**Task**
Reproduce the listing exactly. Omit pictures.

====== Provided material

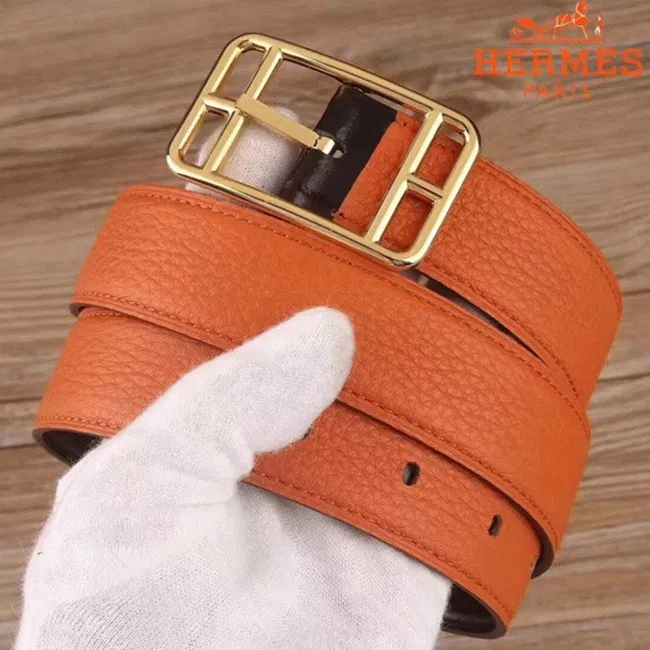 Orange cape cod 32 reversible AAA Hermes belt — image 3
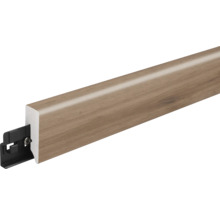 Sockelleiste aus Holzwerkstoff mit Clipbefestigung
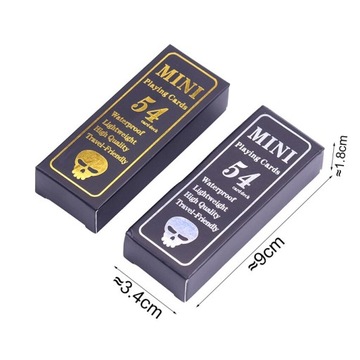 Новые флуоресцентные черные игровые карты в золотом стиле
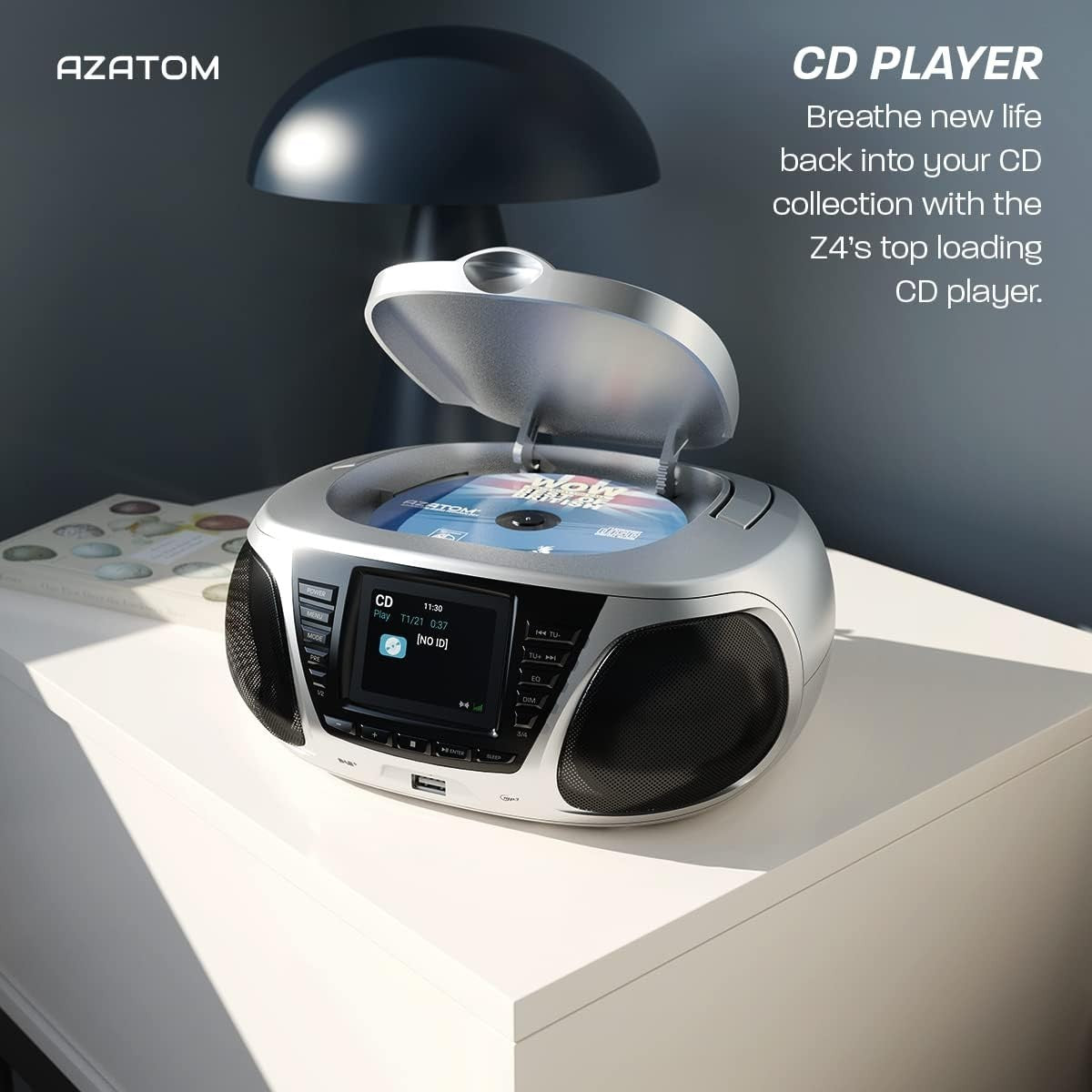 Portable CD Player with DAB+/FM Radio, Bluetooth & USB MP3 Player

============

**Answer to this task**
 Orange cape cod 32 reversible AAA Hermes belt — image 3
 Sockelleiste aus Holzwerkstoff mit Clipbefestigung
 Новые флуоресцентные черные игровые карты в золотом стиле
 Portable CD Player with DAB+/FM Radio, Bluetooth & USB MP3 Player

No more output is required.